Although the board has clearly condemned acts of abduction, it has not issued an official fatwa forbidding them. Al-Samaraai insisted, however, "that unlike many of my colleagues who consider abduction, for the purpose of interrogation, a legitimate act of resistance, I personally object to the kidnapping of civilians, whatever the goal, because it greatly mars the image of Islam and national resistance.
"Even if the abductors treat their hostages very well and ultimately set them free when they are proven innocent, Islam prohibits frightening civilians, even in times of war," Al-Samaraai said.

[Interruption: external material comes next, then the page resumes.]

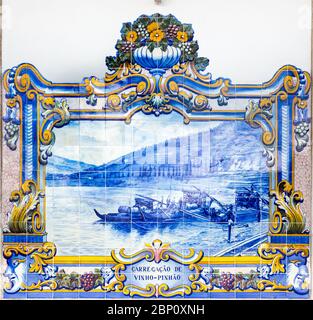 PINHAO, PORTUGAL - 26. FEBRUAR 2017: Azulejos am Bahnhof von Pinhao, Douro-Tal, in Portugal Stockfoto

That fright has forced most of Iraqna's 134 Egyptian technicians back into the throes of unemployment and poverty. They came back to Cairo last week on the same planes as their recently released colleagues.
Although some vowed never to return to "scary Iraq", many were just as scared of ending up "either jobless or in low-paid jobs" back here at home. "We risked our lives in Iraq to make ends meet," said a technician, who asked to have his name withheld. "I would go back to Iraq rather than see my family starve. And I am sure many would do the same."
While the fate of the two engineers still being held remains unclear, Orascom itself appears to be plowing on with work on its $100 million investment in Iraq. Witnesses told the Weekly that construction of mobile networks, along with other infrastructure work at Baghdad airport, has been ongoing, despite the mass exodus of Egyptian technicians. The company, it seems, is now mainly dependent on its remaining Iraqi and foreign staff.